Classics Challenge: April (sort of) and May, Plus a New Thing

Well, if you remember from this post, my April book was The Lord of the Rings and my May book was a choice between The Scarlet Letter and The Last of the Mohicans.


I did not finish LotR in April, as mentioned in my previous post, but I did read The Scarlet Letter in April for school, so that counts, right? I'm considering them switched. LotR I'm still working on, obviously, but it's a long book, okay? I will provide a long post of pictures and thoughts when I finish.

Not my copy, I just liked it.
My thoughts on The Scarlet Letter are complicated. It's a very interesting, complex book, and not at all what I had expected. Hester and Pearl I thought particularly enigmatic. Hester seems sometimes repentant; yet ready to do it all over again, I think. Pearl was a little confusing. This is a great essay on her.
Arthur Dimmesdale was somewhat simpler to understand, yet also very interesting. He has great strength at times, yet is weak-willed mostly and weak in body. *SPOILER* One could write an essay just on his reasons for hiding his guilt. I disagree with him (he would have suffered so much less if only he hadn't), but he's very convincing. If you do, please tell me about it, because I'd love to read it. *END SPOILER* 
 I can't even get into Roger Chillingworth. Talk about complex. He is rather the victim of the story, but in many ways he's also the villain. You want him to fail, though he, of all the characters, "deserves" most to "win". *TINY SPOILER (not even a spoiler, just talking about the books events more than I usually do)* While I don't support Hester's affair or her attempt to leave with her lover, there is a feeling of wanting them to succeed, to get past Roger and onto a "better" life.  *MAJOR SPOILERS* I prefer, though, the way Hawthorne ended it, because a life lived in sin would not have been better. Confessing to God, what Arthur should have done in the first place, was the relief he needed, not a vacation from Puritans. *END MAJOR SPOILERS*
One thing I found interesting (and wrong) was how Hester keeps thinking of herself in relation to her lover, how they are "bound together" for good or for ill, but for eternity. She believes that even if they are kept apart on earth, even if they should be kept apart, they will stand together at the Last Judgment. I guess she didn't read Matthew 22:30.
I did guess the identity of Pearl's father midway through the book, but this didn't detract from the experience. Something that DID was the long prologue which has nothing to do with rest of the book. While interesting (and curiously enough, somewhat true, as it is based on Hawthorne's experience when he worked at the Salem Custom House), it seemed very random and made the book difficult to get into at first. There is no actual content in this book (no description of Hester's adultery or anything), and I don't think there was any cursing, but obviously the topic makes it a better read for high schoolers.

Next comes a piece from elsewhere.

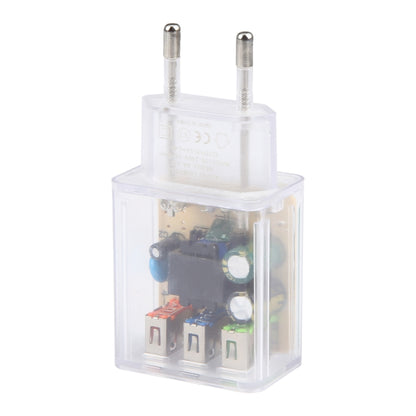 64-222 2A Three USB Transparent Charger, specification: EU Plug - USB Charger by buy2fix | Online Shopping UK | buy2fix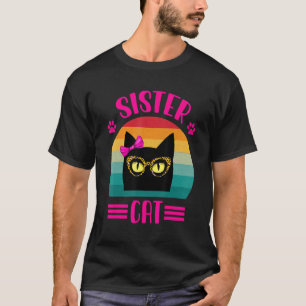 Cute Little Sister Cat With Leopard Glasses Retro T-Shirt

Do I recommend this book, and to whom? I recommend it, yes, as a thought-provoking read, which I interpreted as showing the point of true repentance. High schoolers and up will benefit most.

I highly recommend this article for further thoughts on The Scarlet Letter (it does contain spoilers).

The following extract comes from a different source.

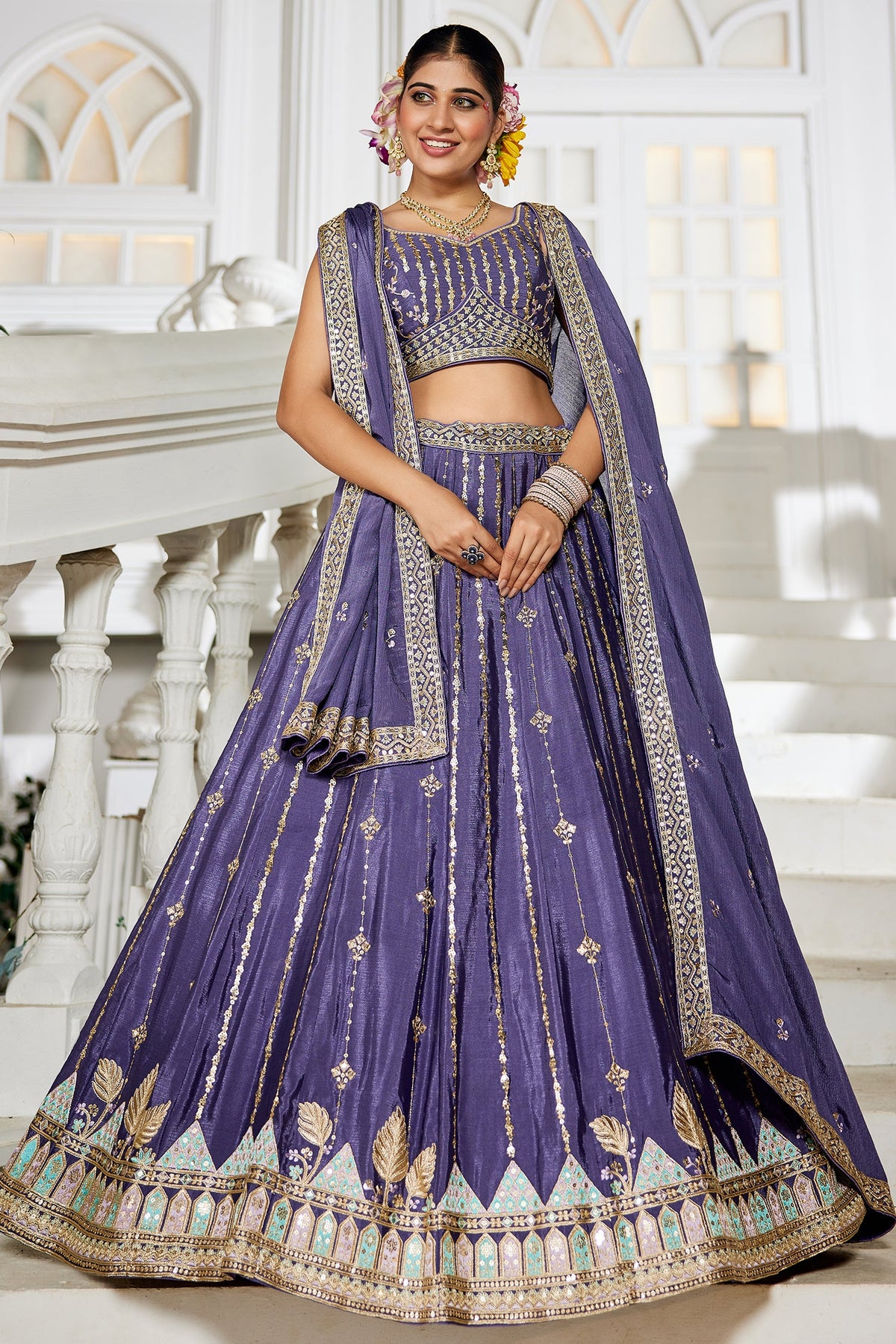 Violet Purple Georgette Sequin Embroidered Lehenga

Finally, on to this New Thing for which I have kept you all in suspense. You may have noticed that this post has "King Arthur" and "writing" as labels. You may not. Regardless, I now introduce to you

Rancher Artie: A Mockery of the Western Romance Genre
You now see my cleverness in adding the image above, so that you would not at first see this one.
Or my imagination of The Arthurian Chronicles if they were in the Old West, written for my mental stimulation and your amusement. I shall provide installments whenever I feel like it. Look for the first this weekend.

 photo awdursignature_zps319c67b7.png

P.S. I just changed my profile to reflect my new age. I just wrote that I'm seventeen!?!?!?